Collabora nextcloud docker linking problems

droidhackzor · January 10, 2020, 12:39am

i don’t want to necro other closed or unanswered topics so i am making a new topic that seems to combine a few different problems i have seen on here. and i will provide as much information as i can to see if this combination of problems can be solved.
and i do realize that the problem MAY not be nextcloud itself.

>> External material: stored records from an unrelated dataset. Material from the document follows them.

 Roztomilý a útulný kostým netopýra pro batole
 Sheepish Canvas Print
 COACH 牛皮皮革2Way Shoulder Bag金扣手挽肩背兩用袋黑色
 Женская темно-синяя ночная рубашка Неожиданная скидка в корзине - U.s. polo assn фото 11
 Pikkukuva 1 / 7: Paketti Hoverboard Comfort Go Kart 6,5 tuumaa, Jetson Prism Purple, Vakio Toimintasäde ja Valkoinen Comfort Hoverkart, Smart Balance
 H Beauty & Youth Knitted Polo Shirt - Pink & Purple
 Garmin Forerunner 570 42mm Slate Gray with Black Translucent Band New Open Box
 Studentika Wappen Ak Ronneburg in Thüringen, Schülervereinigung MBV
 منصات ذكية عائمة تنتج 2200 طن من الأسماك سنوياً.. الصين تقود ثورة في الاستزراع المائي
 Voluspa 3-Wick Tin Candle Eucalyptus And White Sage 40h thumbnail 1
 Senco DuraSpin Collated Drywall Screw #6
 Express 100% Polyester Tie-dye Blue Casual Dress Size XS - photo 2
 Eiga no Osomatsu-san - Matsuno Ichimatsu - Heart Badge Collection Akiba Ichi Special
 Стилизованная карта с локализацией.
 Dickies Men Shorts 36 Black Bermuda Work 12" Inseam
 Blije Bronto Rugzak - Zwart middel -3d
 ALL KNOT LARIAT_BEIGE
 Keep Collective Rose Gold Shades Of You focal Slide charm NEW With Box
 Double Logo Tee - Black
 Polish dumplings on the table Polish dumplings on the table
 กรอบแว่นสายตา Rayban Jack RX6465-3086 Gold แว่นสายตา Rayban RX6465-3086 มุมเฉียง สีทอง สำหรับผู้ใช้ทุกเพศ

first, i have opened ports on my router to support all installs
a dedicated docker network was created for internal dns crosstalk called proxynetEDIT
All docker containers are in the proxynet docker network
router%20port%20forwarding
i am running unraid 6.7.2 with latest docker, i am running all of the appliances needed as docker form.
docker-letsencrypt - linuxserver/letsencrypt repo = functional
letsencrypt%20ports
http validation is selected
Certificate exists; parameters unchanged; starting nginx
Starting 2019/12/30, GeoIP2 databases require personal license key to download. Please manually download/update the GeoIP2 db and save as /config/geoip2db/GeoLite2-City.mmdb
[cont-init.d] 50-config: exited 0.
[cont-init.d] 99-custom-files: executing…
[custom-init] no custom files found exiting…
[cont-init.d] 99-custom-files: exited 0.
[cont-init.d] done.
[services.d] starting services
[services.d] done.
Server ready
docker-nextcloud - linuxserver/nextcloud repo = functional
*nextcloud’s setting for collabora is set.
nextcloud%20collabora
docker-collabora - collabora/code repo = functional-port9980

now, everything being installed, running and mostly functional, i look at the docker of nextcloud logs, here’s the end:
[cont-init.d] 10-adduser: exited 0.
[cont-init.d] 20-config: executing…
[cont-init.d] 20-config: exited 0.
[cont-init.d] 30-keygen: executing…
using keys found in /config/keys
[cont-init.d] 30-keygen: exited 0.
[cont-init.d] 40-config: executing…
[cont-init.d] 40-config: exited 0.
[cont-init.d] 50-install: executing…
[cont-init.d] 50-install: exited 0.
[cont-init.d] 60-memcache: executing…
[cont-init.d] 60-memcache: exited 0.
[cont-init.d] 99-custom-files: executing…
[custom-init] no custom files found exiting…
[cont-init.d] 99-custom-files: exited 0.
[cont-init.d] done.
[services.d] starting services
[services.d] done.
no errors, though there is a warning about a diferent version of luajit.

now a look at collabora’s logs:
wsd-00029-00029 2020-01-09 23:55:12.686029 [ loolwsd ] INF WSD initialization complete: setting log-level to [warning] as configured.| wsd/LOOLWSD.cpp:3435

wsd-00029-00035 2020-01-09 23:57:05.384006 [ websrv_poll ] ERR Socket #21 SSL BIO error: error:14094416:SSL routines:ssl3_read_bytes:sslv3 alert certificate unknown (0: Success)| ./net/SslSocket.hpp:291

clearly there is an issue communicating, this part of the log happens when there is an attempt to edit/create a file.
and then nextcloud spits out this error after the attempt:

The webpage at https://collabora.redacted.co:9980/loleaflet/3d7bdc4/loleaflet.html?WOPISrc=https%3A%2F%2F192.168.1.5%3A444%2Findex.php%2Fapps%2Frichdocuments%2Fwopi%2Ffiles%2F14_oc1iblwmjpn6&title=About.odt&lang=en-en&closebutton=1&revisionhistory=1 might be temporarily down or it may have moved permanently to a new web address.
the plus side is that nextcloud doesn’t give a notification that it couldn’t start collabora.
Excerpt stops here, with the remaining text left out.